Falta de incentivo financeiro. É provável que as empresas não estejam dispostas a pagar um valor maior por um profissional com mais preparação do que outro, mesmo sabendo da grande vantagem que esse profissional poderá acrescentar à empresa. Ainda bem que em alguns casos isso não é uma realidade. Existem empresas hoje, como a Chemtech, que tem um sistema de incentivo de estudo para seus funcionários bem estruturado (140 horas de treinamento continuado por funcionário), e cuja universidade corporativa oferece Mestrado e MBA tanto para funcionários como para as pessoas que estão fora do ambiente corporativo. Assim, os colaboradores adquirem crescimento pessoal e, por conseguinte, crescimento profissional. Este tipo de empresas tem uma visão inovadora pois sabem que quanto mais desenvolvido for o profissional, mais desenvolvida será a empresa e melhores oportunidades enxergará no mercado.

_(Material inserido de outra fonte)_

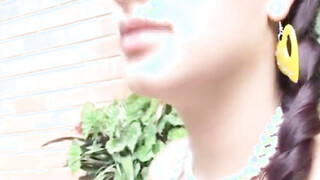 Pretty lesbian teen selina is licked out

As empresas não mudarão sua visão da noite para o dia ou em pelo menos 5 ou 10 anos, mas com a popularização dos estudos através da internet, a facilidade para estudar em universidades do mundo todo e a exigência cada vez maior de conhecimentos para ingressar no mercado de trabalho, a tendência será a popularização dos cursos de mestrado e doutorado e a inevitável absorção desses profissionais mais bem preparados pelas empresas. O diferencial, portanto, estará nas empresas que recrutem esse tipo de profissional primeiro e/ou incentivem o estudo de cursos mais robustos para o desenvolvimento pessoal de seus funcionários. Como consequência, as empresas com mais pessoas preparadas e aculturadas obterão os melhores resultados frente aos desafios do século XXI. Vale a provocação: como empresas, estamos prontos para absorver este tipo de profissionais?